What you have to do –
Here is a listing, set out below; repeat its lines from the one with "Freebird Bond - Blue Snake - Sz 7" to the last, both included, and leave out the pictures.

Supplied information –
- Opening Delimiter -
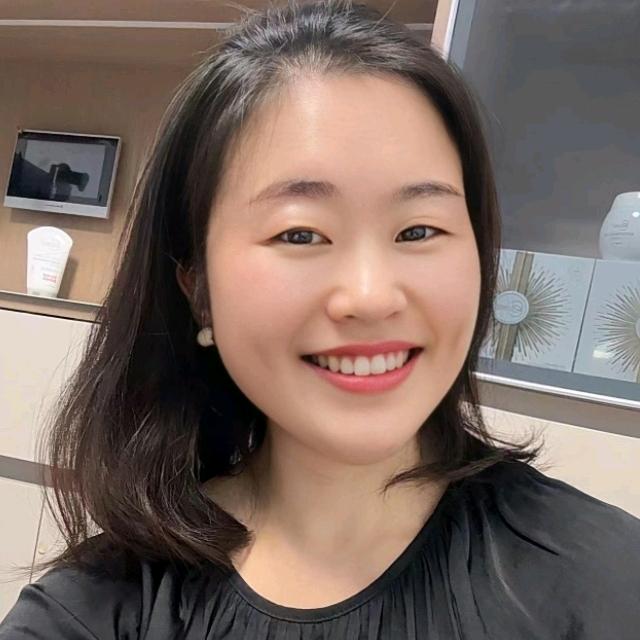 @云微冠～超姐调肤原料工厂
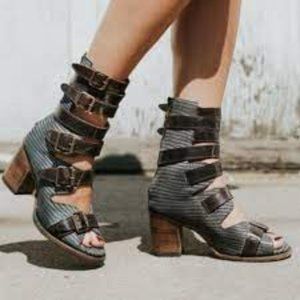 Freebird Bond - Blue Snake - Sz 7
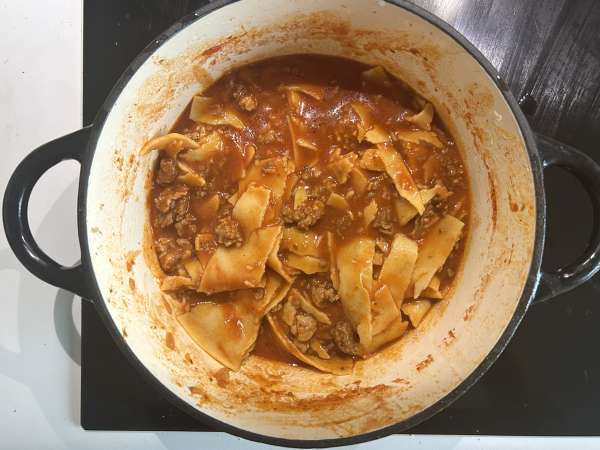 Lasagne-Suppe mit Hackfleisch : einfaches One-Pot-Rezept - Zubereitung Schritt 5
- Closing Delimiter -
Answer area –
 Freebird Bond - Blue Snake - Sz 7
 Lasagne-Suppe mit Hackfleisch : einfaches One-Pot-Rezept - Zubereitung Schritt 5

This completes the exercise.